I have been inspired to open what is now known at “The Happinest” for as long as I can remember.
Inspirations started when I was young and dealing with the common dealings of parents divorcing, moving schools, moving houses, family emotions, deaths, school academic and social pressures and more. As a child, there were little resources to draw on to understand the way I felt in response to situations, both good and bad, and little support on how to manage my emotions.
When I was 12 years old I was adamant on, and expressed to my mum, that I was to have four kids when I grew up, and that I was going to own a children’s store with gifts and magical experiences for kids, called “4 kids”.
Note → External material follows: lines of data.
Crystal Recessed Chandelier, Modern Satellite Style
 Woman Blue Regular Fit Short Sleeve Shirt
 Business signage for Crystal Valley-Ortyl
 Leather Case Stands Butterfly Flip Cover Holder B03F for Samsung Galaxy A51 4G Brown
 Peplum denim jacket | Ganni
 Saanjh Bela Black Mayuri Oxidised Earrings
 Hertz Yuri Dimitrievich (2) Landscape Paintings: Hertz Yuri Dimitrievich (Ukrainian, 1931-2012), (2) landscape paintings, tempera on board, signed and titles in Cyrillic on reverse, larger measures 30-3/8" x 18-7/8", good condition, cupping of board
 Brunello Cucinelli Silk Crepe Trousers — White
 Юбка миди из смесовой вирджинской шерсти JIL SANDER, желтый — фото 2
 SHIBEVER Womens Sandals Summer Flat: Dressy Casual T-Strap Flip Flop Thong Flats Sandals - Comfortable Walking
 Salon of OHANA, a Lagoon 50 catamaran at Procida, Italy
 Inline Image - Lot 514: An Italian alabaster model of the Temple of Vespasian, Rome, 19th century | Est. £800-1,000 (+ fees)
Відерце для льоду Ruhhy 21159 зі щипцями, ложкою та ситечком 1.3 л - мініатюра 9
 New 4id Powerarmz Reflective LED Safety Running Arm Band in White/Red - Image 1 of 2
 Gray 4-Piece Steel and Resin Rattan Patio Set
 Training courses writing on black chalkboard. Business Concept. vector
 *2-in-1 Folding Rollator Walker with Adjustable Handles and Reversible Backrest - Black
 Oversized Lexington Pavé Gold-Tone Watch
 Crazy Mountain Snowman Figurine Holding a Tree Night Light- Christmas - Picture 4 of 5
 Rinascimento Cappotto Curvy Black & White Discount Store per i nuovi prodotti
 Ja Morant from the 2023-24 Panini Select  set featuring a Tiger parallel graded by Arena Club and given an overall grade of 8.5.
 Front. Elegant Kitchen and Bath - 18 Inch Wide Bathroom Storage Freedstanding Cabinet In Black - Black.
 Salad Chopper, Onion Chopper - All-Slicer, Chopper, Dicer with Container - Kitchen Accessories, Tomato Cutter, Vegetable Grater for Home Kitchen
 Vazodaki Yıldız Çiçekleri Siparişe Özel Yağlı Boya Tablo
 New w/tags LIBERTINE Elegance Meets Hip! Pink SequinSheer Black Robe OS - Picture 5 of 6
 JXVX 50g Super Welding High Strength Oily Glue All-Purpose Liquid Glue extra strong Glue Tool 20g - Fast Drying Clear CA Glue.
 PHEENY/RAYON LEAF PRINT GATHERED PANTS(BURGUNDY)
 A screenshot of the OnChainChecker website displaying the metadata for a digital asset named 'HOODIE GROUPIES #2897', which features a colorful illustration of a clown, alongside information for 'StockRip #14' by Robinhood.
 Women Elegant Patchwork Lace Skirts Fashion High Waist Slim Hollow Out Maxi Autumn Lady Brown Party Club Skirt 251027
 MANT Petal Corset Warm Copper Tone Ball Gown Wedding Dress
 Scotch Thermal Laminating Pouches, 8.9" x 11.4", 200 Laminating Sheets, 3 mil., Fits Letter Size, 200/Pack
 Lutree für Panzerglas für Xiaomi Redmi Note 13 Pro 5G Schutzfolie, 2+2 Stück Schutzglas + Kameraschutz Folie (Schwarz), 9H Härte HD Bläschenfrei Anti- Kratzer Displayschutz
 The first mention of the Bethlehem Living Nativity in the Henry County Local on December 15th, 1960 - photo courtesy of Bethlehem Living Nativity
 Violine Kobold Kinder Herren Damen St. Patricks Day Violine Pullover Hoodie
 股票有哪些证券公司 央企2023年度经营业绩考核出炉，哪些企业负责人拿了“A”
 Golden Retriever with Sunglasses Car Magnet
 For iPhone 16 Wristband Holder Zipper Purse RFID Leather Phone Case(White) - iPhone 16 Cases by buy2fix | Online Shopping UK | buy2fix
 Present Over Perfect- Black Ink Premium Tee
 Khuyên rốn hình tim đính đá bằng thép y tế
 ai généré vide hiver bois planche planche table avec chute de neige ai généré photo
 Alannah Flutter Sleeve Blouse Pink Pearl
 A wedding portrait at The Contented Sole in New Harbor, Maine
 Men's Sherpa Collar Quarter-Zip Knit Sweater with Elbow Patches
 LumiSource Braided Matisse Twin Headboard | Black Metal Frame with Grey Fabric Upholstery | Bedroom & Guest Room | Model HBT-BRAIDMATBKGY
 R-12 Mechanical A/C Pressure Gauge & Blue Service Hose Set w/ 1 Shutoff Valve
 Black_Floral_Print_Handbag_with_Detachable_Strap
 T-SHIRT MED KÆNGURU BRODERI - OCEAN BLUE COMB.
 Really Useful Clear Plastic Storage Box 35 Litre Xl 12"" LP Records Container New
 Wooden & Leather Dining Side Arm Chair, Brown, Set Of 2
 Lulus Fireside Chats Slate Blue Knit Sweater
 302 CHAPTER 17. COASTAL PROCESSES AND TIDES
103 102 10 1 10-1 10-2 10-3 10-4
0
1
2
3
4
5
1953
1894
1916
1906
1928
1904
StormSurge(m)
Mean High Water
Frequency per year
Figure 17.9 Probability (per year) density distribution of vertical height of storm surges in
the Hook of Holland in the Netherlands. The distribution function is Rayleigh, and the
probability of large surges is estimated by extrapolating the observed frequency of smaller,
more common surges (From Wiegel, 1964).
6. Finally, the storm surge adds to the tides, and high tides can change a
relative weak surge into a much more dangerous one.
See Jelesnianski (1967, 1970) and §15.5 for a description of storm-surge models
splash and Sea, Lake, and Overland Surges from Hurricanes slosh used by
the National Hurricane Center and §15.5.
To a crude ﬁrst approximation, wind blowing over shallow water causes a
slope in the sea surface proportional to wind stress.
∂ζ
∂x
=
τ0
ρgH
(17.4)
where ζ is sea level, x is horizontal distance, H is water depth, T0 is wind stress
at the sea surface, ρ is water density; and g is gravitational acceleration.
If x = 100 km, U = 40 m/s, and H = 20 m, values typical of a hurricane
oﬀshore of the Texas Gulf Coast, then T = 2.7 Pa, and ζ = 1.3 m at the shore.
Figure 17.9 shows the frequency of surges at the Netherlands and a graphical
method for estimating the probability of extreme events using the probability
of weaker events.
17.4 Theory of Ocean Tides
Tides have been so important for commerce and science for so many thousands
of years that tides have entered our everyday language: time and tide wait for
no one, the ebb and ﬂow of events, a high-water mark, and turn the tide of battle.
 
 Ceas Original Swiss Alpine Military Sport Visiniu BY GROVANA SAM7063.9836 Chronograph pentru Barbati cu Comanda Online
When I became a school classroom teacher, I found the emotional and social wellbeing of my students my number one priority. I myself had only just begun my inward journey through meditation, yoga and mindfulness and was transforming day by day. Just as a parent or teacher with a passion for writing would encourage their children to write, I motivated my class of 23 to begin their inner journey alongside me.
Following the integration of daily mindfulness practice, discussions on values and emotional exercises, I found the student outcomes extraordinarily positive. Students began to clearly articulate their emotions, explore their behaviour and collaborate better within teams. My peers and the parents reported that the students had become more insightful and interested individuals as a result of these practices.
Most impressively, my students themselves stated that daily mindfulness meditation and exercises allowed them to ‘just be’, ‘be more respectful and less reactive in relationships with friends’ and ‘not get so frustrated when losing in soccer’ (to name just a few).
My passion progressed, and I found myself writing the emotional and social learning capabilities for the Australian national curriculum and running Mindfulness programs in education for the teachers and students with my organization Mini Mindful Minds.
Meanwhile, I developed the resource Mindfulness Box for Minis for teachers and parents to seamlessly integrate mindfulness into the day. It brought me so much joy to hear of schools and families around the world using the activities to promote calm, and contentment.
When I moved to New York, I began working in the corporate side of the wellness industry and continued to look after families on the side. I learnt a great deal from both. The main things:
The need to support women, and men, trying to get pregnant, being pregnant, and most of all, in the first stages of welcoming a new baby into your life.
How I needed to be in the front facing part of the ‘healing’ industry, working with people, and showing up for people in order to personally feel fulfilled.
How much I missed working with many children on a daily basis.
The need for more opportunities for people to connect to themselves and one another.
It is hard to articulate the way I feel (which is rare coming from me, ha) in this surreal moment of my life. It truly is a dream come true, and I am so eager and excited to share mindfulness, meditation, connection and clarity to the community.
What about your philosophy do you think resonates with the community?
I believe that you can learn practical tools and techniques to promote insight, contentment and calm in all staged of your life, including at the age of two years old. Williamsburg primarily feels family and community based and has people interested and open to becoming their best selves. I hope to have added to the many vehicles to getting there.
The Happinest is not committed to one way to achieving calm, clarity and connection. I hope that our diverse, yet intimate experiences, resonate with the local community, allowing them to find their wellbeing practice, at any stage of their life.
We love your clean aesthetic and product selections what influences led your design and retail curation choices?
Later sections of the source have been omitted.